==== Records shown ====
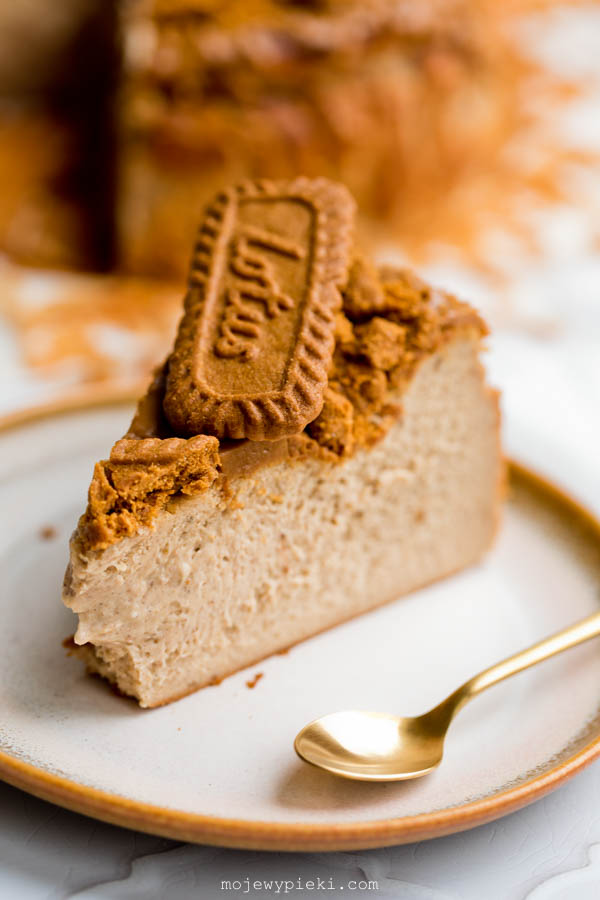 Sernik baskijski Lotus Biscoff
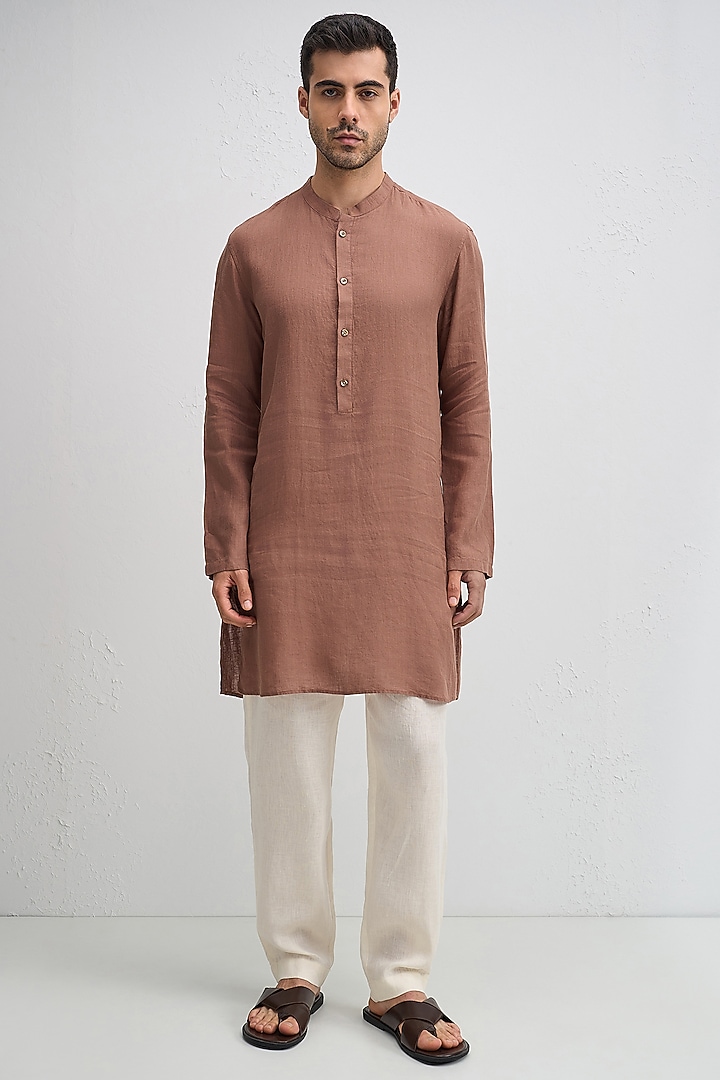 Mocha Brown Linen Woven Kurta Set by Komal Kothari at Pernia's Pop Up Shop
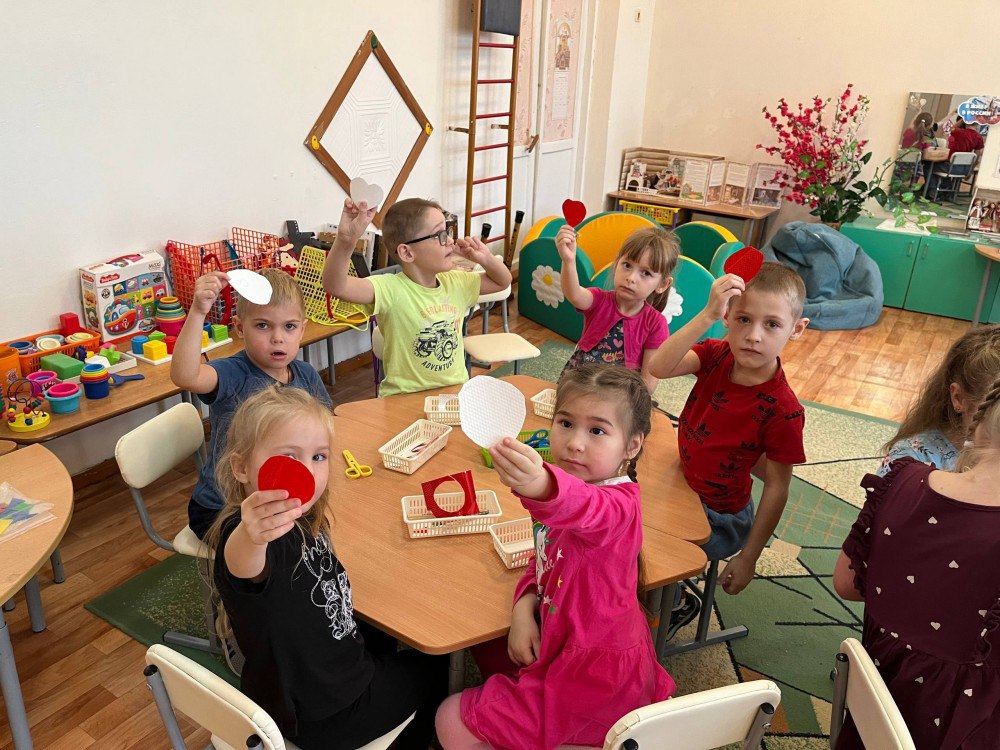 Сотрудники Госавтоинспекции Городищенского района провели мастер-класс по изготовлению световозвращающих аксессуаров Сотрудники Госавтоинспекции Городищенского района провели мастер-класс по изготовлению световозвращающих аксессуаров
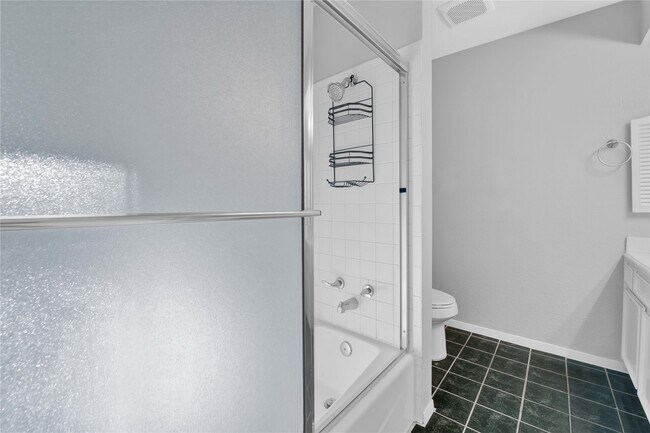 Building Photo - 2113 Lake Village Dr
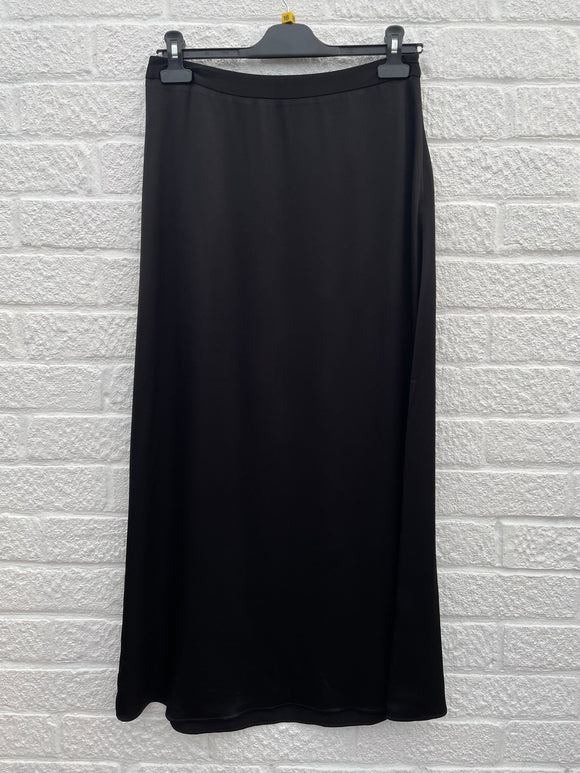 Hush Skirt Size 8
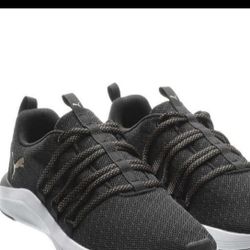 Puma Ladies Prowl Knit Sneaker Size 7,. 8,. 8.5,. 10 Available 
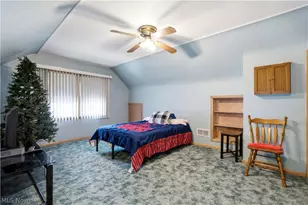 2212 Larchmont Dr, Wickliffe, OH 44092 - Photo 10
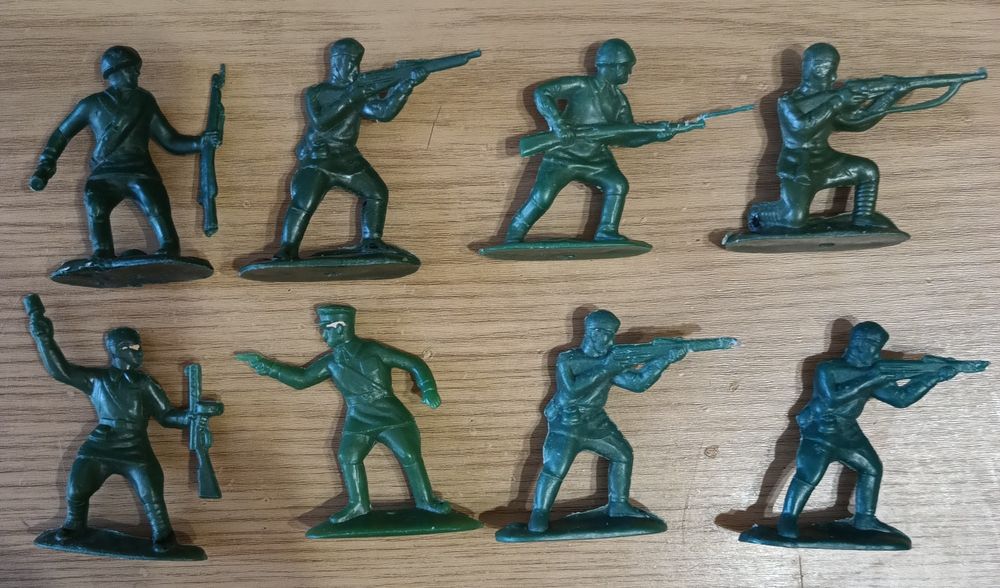 Продам солдатики ДЗИ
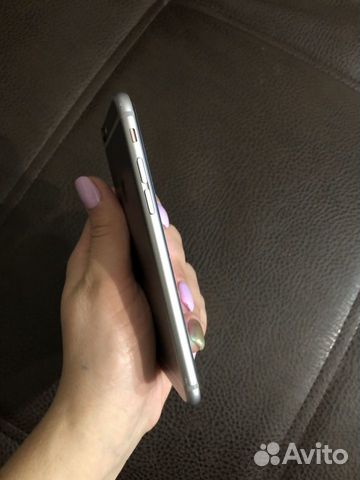 Телефон iPhone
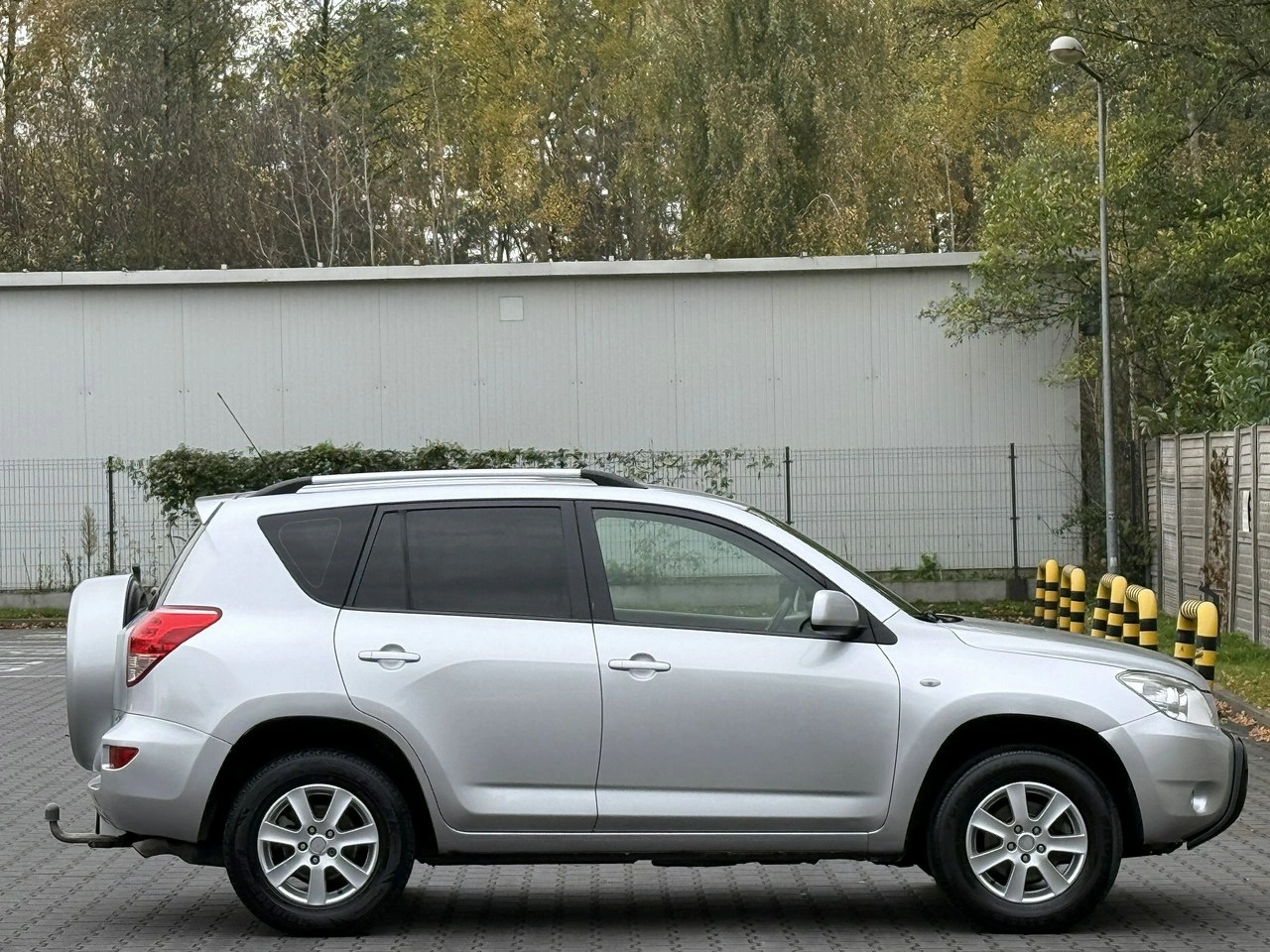 Toyota RAV-4 - Zdjęcie 20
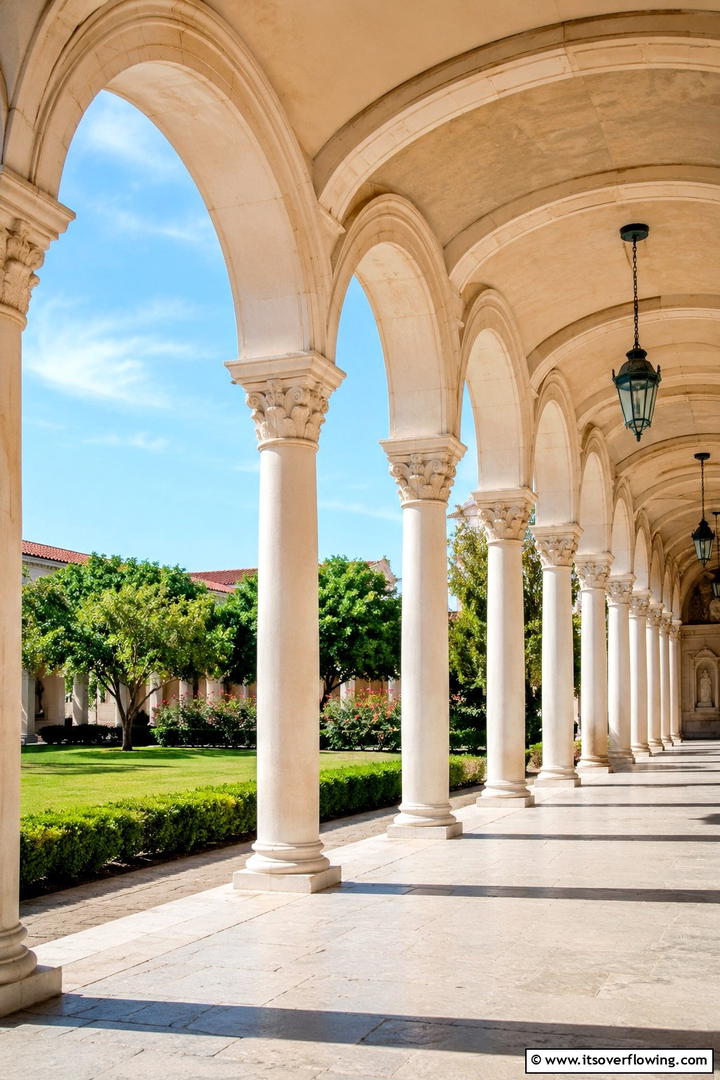 Breezy Archways and Columns - 30 Spanish Mediterranean House Ideas for Warm Exteriors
====
Your answer must be the full listing, copied exactly, with no pictures in it.

 Sernik baskijski Lotus Biscoff
 Mocha Brown Linen Woven Kurta Set by Komal Kothari at Pernia's Pop Up Shop
 Сотрудники Госавтоинспекции Городищенского района провели мастер-класс по изготовлению световозвращающих аксессуаров Сотрудники Госавтоинспекции Городищенского района провели мастер-класс по изготовлению световозвращающих аксессуаров
 Building Photo - 2113 Lake Village Dr
 Hush Skirt Size 8
 Puma Ladies Prowl Knit Sneaker Size 7,. 8,. 8.5,. 10 Available 
 2212 Larchmont Dr, Wickliffe, OH 44092 - Photo 10
 Продам солдатики ДЗИ
 Телефон iPhone
 Toyota RAV-4 - Zdjęcie 20
 Breezy Archways and Columns - 30 Spanish Mediterranean House Ideas for Warm Exteriors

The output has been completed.